So, now that I've said my piece about logos and logistic and telling/storytelling (see above), I should try to say something about this chapter! I'm guessing that unlike Barry and Lee and people who have a sustained interest in the history of philosophy, the term "Neoplatonist" is one that doesn't have a lot of resonance for me. I'm definitely out of my depth in this chapter, in that I don't have any substantial context in which to assess how this particular study of Neoplatonic definitions of arithmetic and logistic fit into overall tendencies and trends in Neoplatonic philosophy.

So, with that caveat, here's what I found really profound (personally speaking) in this chapter: the discussion in Olympiodorus about oddness and evenness as being fundamental characteristics of numbers: "arithmetic [arithmetike] concerns itself with the kinds [eide] of numbers [arithmoi]; logistic [logistike], on the other hand, with their material [hyle]. There are two kinds of number: the even [artion] and the odd [peritton]..." Olympiodorus later goes on to say that "logistic concerns itself with their material, investigating not only the even and the odd as they are by themselves but also their relation to one another in respect to their multitude. For multiplication is either among the same kind or is of different kinds with one another, the former, when I multiply even with even or odd with odd, the latter, when I multiply odd with even or even with odd."

That was something I really had not thought about since elementary school, and that "WOW, HOW COOL!" sense of figuring out that if you multiplied an even by an even, you always got an even, and if you multiplied an odd by an odd, you always got an odd - BUT if you multiplied an even by an odd, you also got an even, every time. I remember an amazing teacher in second grade (I think he must have been a student teacher, looking back on it) who did incredible things to our minds. We used number lines in class (I am very much a product of the "new math" circa 1970), and he showed us how you could draw the number line the other way and make zeroes. That totally rocked my world. He taught us how to subtract 5 from 2... and told us not to tell ANYBODY that we knew how to do it, because it was a big secret. And I also remember that he told us about odds and evens, and their multiplication properties, and he asked us, if we thought it was ALWAYS true that odds and evens multiplied this way, and I can remember spending hours and hours writing out examples to test this... but never making that breakthrough that would allow me to express the general principle, aside from just working out example after example after example of multiplication, to see what happened when I multiplied two numbers, odd or even.

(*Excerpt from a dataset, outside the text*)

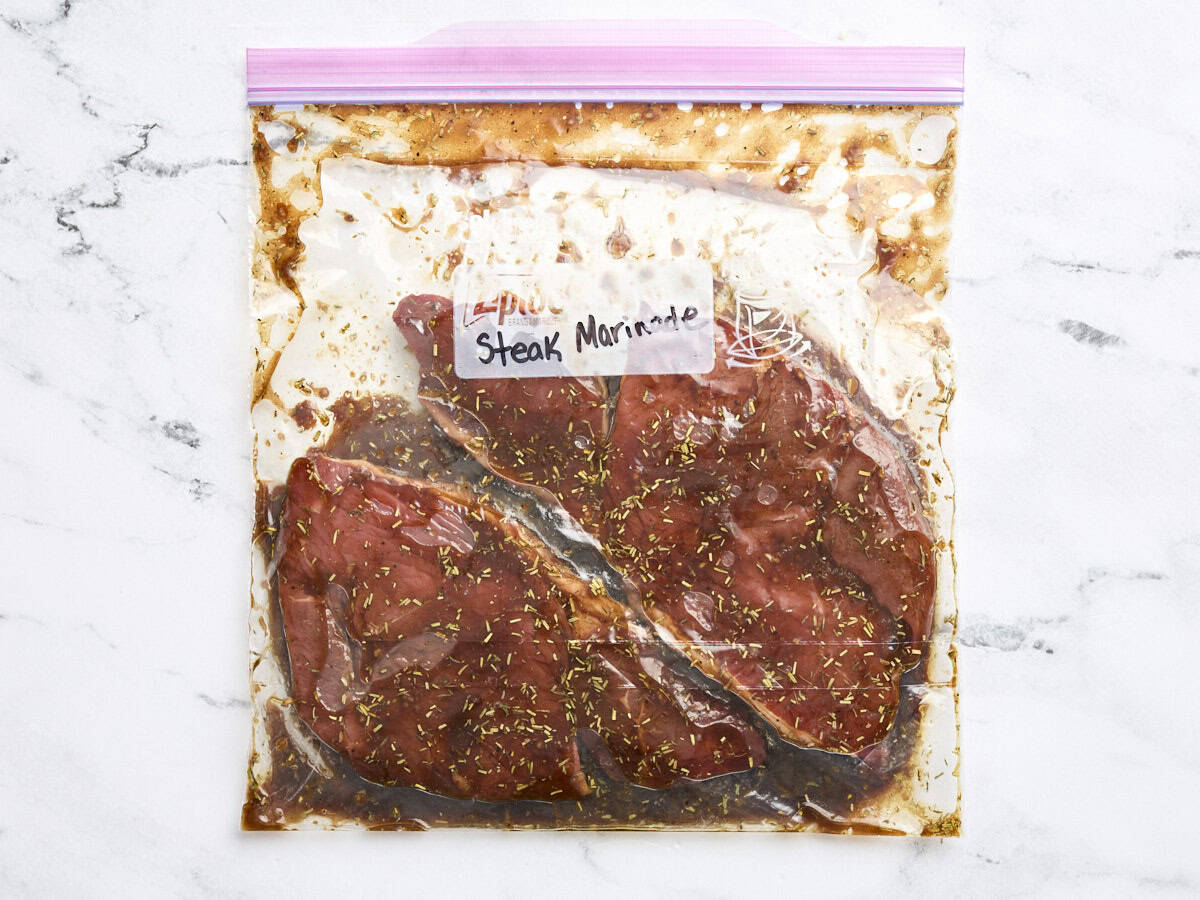 Steak marinading in a ziptop bag.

Then, we moved, and in my new school I annoyed my math teacher in third grade so much that she made me go do math with the fourth graders, and I asked the fourth-grade teacher about the even and odd thing and that is when I learned a tiny bit of algebra, since he showed me how I could understand the even and odd thing as 2x*(2y+1). I came home and made my dad teach me how that worked, and glory hallelujah my dad did teach me since he is a serious math geek. Then, alas, I was doomed to be deeply bored in math class until high school because I wanted to study the X's and the Y's and not any stupid "number numbers" as I called them... and to this day, I still remember the total amazing thrill that it was to figure out how the numbers could be understood in a way (the X and Y way) that I had not understood before or been able to figure out on my own.

But, in terms of the philosophical labels I guess I am just as confused about how that works as Olympiodorus himself was!!! At the end of the chapter Klein says that Olympiodorus is mixing up "the immutable, i.e. noetic" constituent of the numbers and the "changeable" constituent. Klein then says:

In the number "six," for instance, the multitude "six," with its quantity, its hyle, must be distnguished from its eidos, namely the "even-times-odd" (artioperitton - since six is composed of the even factor two and the odd factor three). Arithmetic treats of the eidos, logistic of the multitude of "hylic" monads.

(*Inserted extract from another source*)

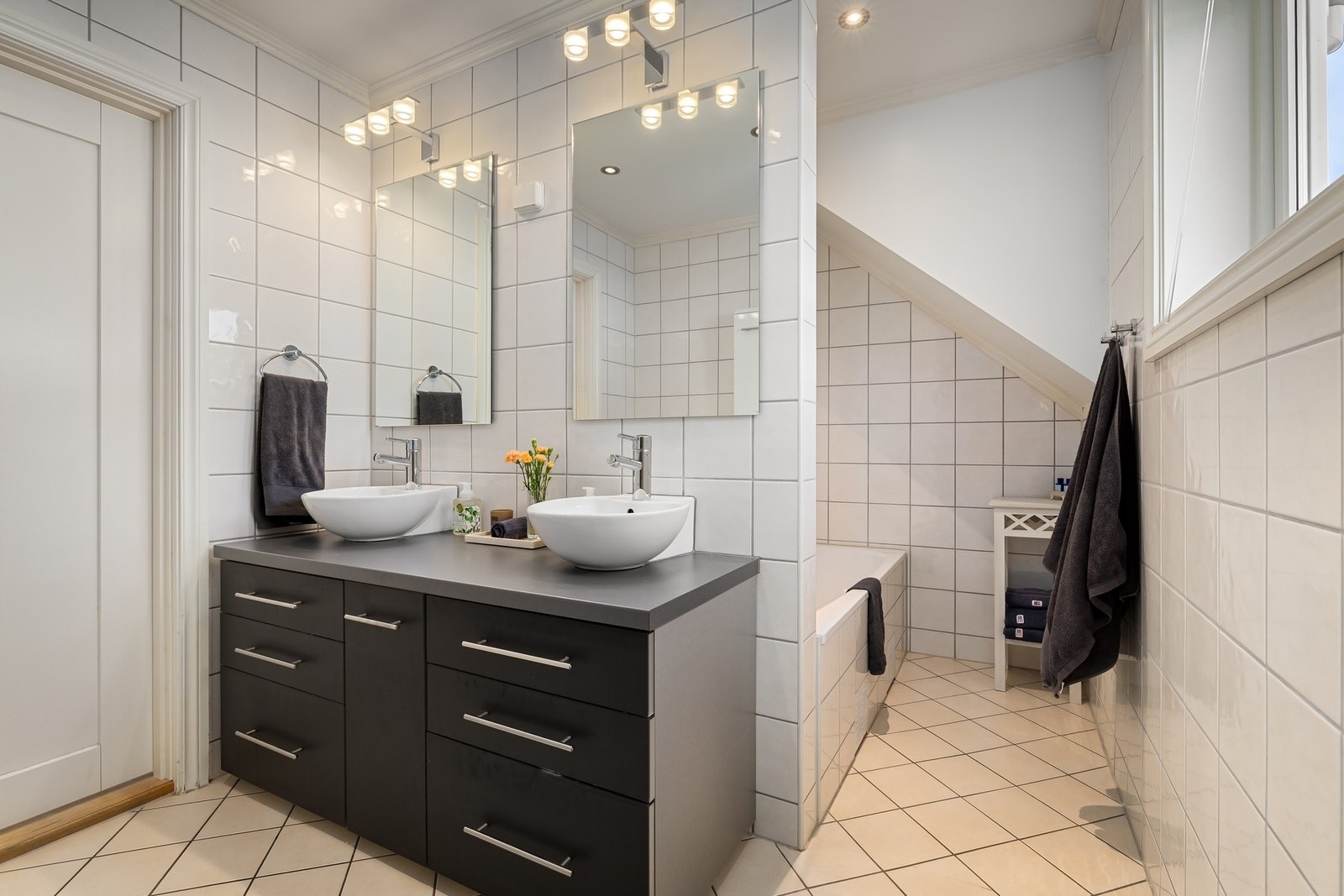 Badet har flislagte overflater og gulv med varmekabler.
Badet er utstyrt med vegghengt toalett, dobbel servant, dusjhjørne og badekar. Galleribilde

I need to understand what hylic monads are... and I definitely don't understand that yet... but that's a good question to carry me over into the next chapter!

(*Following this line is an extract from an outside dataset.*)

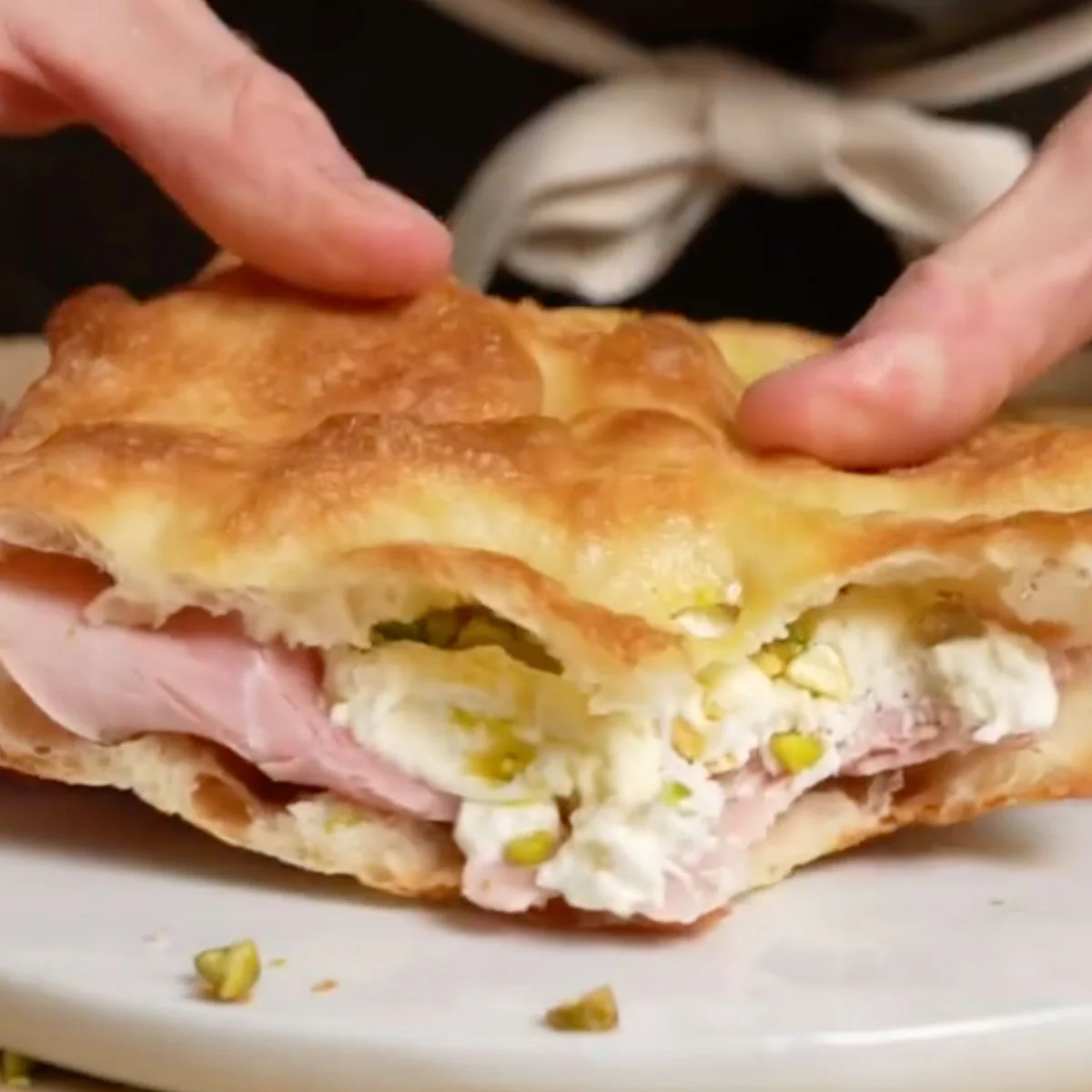 Pizza Bianca sandwich made with burrata and mortadella.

Meanwhile, artioperitton - what a helluva word!!! It would have to be translated into English as "even-odd" but of course we have no such word in English. In the Greek-English dictionary, the definition provided is: "even-odd, of even numbers, the halves of which are odd" - VERY COOL. The Greeks really did have a staggering vocabulary...

I should say something about the very cool etymology of "odd" in Greek - perissos, or perittos (like the way a "peri-meter" goes around the outside of a space, or something "peri-pheral" is carried beyond the topic). It literally means "beyond, something over and beyond" which is such a cool way to see what odd numbers are: it's like they are even, but then they overflow the container of evenness, and become odd. The verb perisseuein means "to be over and above a certain number, be more than enough, abound". :-)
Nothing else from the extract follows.